We upgraded our cluster from ES 2.3.3 to 5.2.
our new 5.2 cluster was built with much stronger servers (for future growth) than our 2.3.3 cluster which was rock solid.
Everything was running smoothly for few hours, monitoring shows that servers were calm and didn't work hard at all.
Then, suddenly Heap size jumps from 6.1GB to MAX (15GB) causing long GC's and then Nodes became unresponsive and then disconnected from cluster.
All other metrics looks stable, in terms of CPU (very low), indexing rate, get rate and search rate.
query cache, request cache and fielddata are stable as well.
Our usage is pretty basic, mainly textual search, some aggregations (sum, avg, and some contains scripts). very very low usage of nested documents and no usage of parent/child relationships.

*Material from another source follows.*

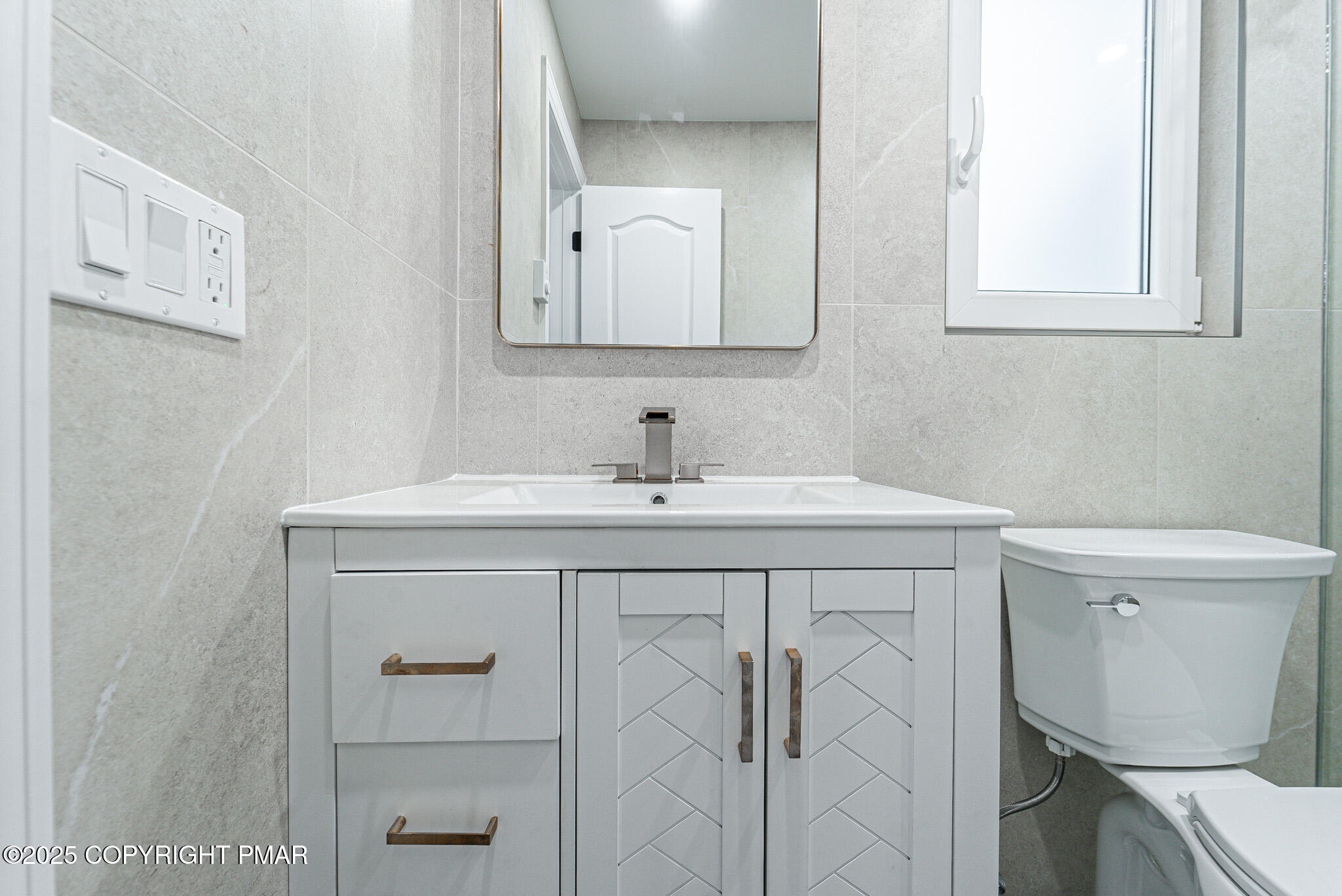 5806 Decker Road Bushkill, PA 18324 - Photo 50 of 76 a bathroom with a sink vanity and a toilet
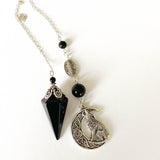 Shungite Pendulum with Howling Wolf on Celtic Moon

It is not clear why the Heap jumps so fast to MAX - seems to be a MAJOR bug of elasticsearch or lucene.
then we found about this lucene 6.4.0 memory leak, so we tried deploing again but this time with ES 5.2.2 + lucene 6.4.1 but still same scenario happend.
Here is some technical information about the cluster:
- 3 master nodes
- 5 data nodes (32GB RAM, 8 cores)
- indices are not that big, most used ones contains 1.5 Mil docs, and take 4GB store size
indices used for aggs contains about 6Mil docs and weight about 15GB.
Attaching some graphs from crush time:
Heap (All nodes - The bottom lines are master nodes)
GC data (of first node that started the issue):
Index, Merge, Get & Search rates:
We've been working with elasticSearch for 5 years now and upgraded versions few times. this is the first time we encounter such major issue.
This is critical for us, so thank you in advance for helping!